Friday, July 22, 2011

Today's Promise

I recently read in another mom's blog that "Your best is good enough." God will fill in the gaps left by our imperfect efforts. I really needed to hear it, I usually feel so inadequate as a mom to my kids. I constantly question whether I'm good enough. The truth, of course - I'm not. None of us are. We can't be good enough. But all we need to do is ask, and God fills in the gaps, his grace covers over our weakness and sin. I've been asking a lot of him lately. "Help me please!" I cry out, and this week, I've seen the fruits. There have been many moments this week where its been so obvious, so clear that his hand was at work and maybe no one else noticed, maybe it wasn't a big deal to them. But to me, they were like rainbows, moments when God reminded me of his promise to help, to fill in the gaps, to fill us up with grace.

One of the kids lied to me about something little, but its an ongoing problem, this truth-telling issue, and I nearly over-reacted. Big lecture, big punishment, I don't know what. But I've been asking the Lord to help me slow down, "Please, God, remind me to ask you first before I say something I'll regret." And I did, I just kept my mouth shut, said a prayer, and something someone else had told me popped into my head. It was so simple, and yet not something I had tried before. So we tried it. I felt much better about that than how I've handled it before. Maybe I'll write more on that some other time.

Between Monday and Tuesday, around 1:30 in the morning, I looked around my living room and felt so dissatisfied with our home. I'm just unhappy with it. I love our home, its the perfect size for us and I know this is where God wants us to be. But the clutter. Laundry. Dishes. Why can't I keep up? I didn't even know WHAT to pray, other than, "Please help me!" I finished folding laundry and went to bed. So tired, I just want a rest. On Tuesday afternoon I was able to take a nap for an hour and after I got up the baby stayed asleep so I could get more done. He's been doing that lately, taking naps without me holding him. I know that's something that many other babies do, sleep without being within six inches of their mothers, but for E this is a new development. And every time he does it I thank God for the chance to play with the other two, or fold some more laundry, or whatever. Thank you Lord, for my nap, and for the baby taking naps.

There was one day thrown in there where the four of us just laughed all day long together. I don't know why, or what we were doing, but it seemed like every five minutes there was another excuse to laugh and we just smiled and laughed with each other through the whole day. We got to the end of the day and when David got home I couldn't tell him the silly things we said or did but I reported on our great day together. Just laughing. It felt so good, more refreshing than any nap could be!

Fast forward to today. We had plans to go with friends up to Mom and Dad's for some pool time but the weather didn't cooperate.
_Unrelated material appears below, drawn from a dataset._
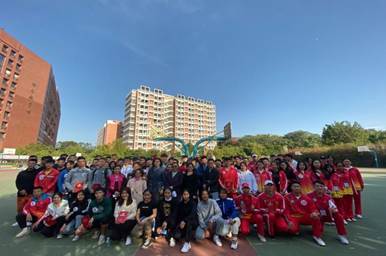 比赛活动结束师生合影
They came over for playtime instead and I worked on little chores while the five kids (plus baby) all played together. I went outside to check the garden and spotted it - a rainbow. A reminder of God's promise. He won't flood the earth again, the way he did in Noah's time. But that clear, bright rainbow reminded me of his other promise, to fill us up with grace and love, to provide what we need. I went back inside smiling and realized something. There was NO LAUNDRY to wash, fold, put away. The dishes were all clean and back in the cupboards. I sat down on the floor with the four boys, my two plus two friends, and played Legos with them. I tried to figure out how it had all gotten done, and we'd still had time to laugh and play together. I couldn't work out the number of hours in the day, minus the playtime, minus the work load... it seemed like there wasn't enough time to have fit it all in. Somehow it worked, though. The girls came to play with us and I told the boys that these Legos had been mine when I was a kid. They were shocked. A girl playing with legos? We laughed and played and I praised God in my heart for filling the gaps, making it all work, and giving us rainbows in the sky to remind us of his great promise of redemption and grace.

Lord, I wait for you; you will answer, Lord my God.
~ Psalm 38:15

1 comment:

Mandi said...

I know how you feel. I often feel like I am so busy with the kids, the youth group, and all the school stuff(we are on the board) that my house is just thrown to the wayside. But then God seems to motivate me to pick up in the 5 minutes I would usually sit, or do small things throughout the day and they add up to a big change at night. And it is easy to let all the kids little things build up in our view into needing a big punishment. It is just so hard to know how to nip the thing in the bud! The latest with my kids is saying I hate you whenever they don't like what I say. When your 2 year old says it, there is definately a problem.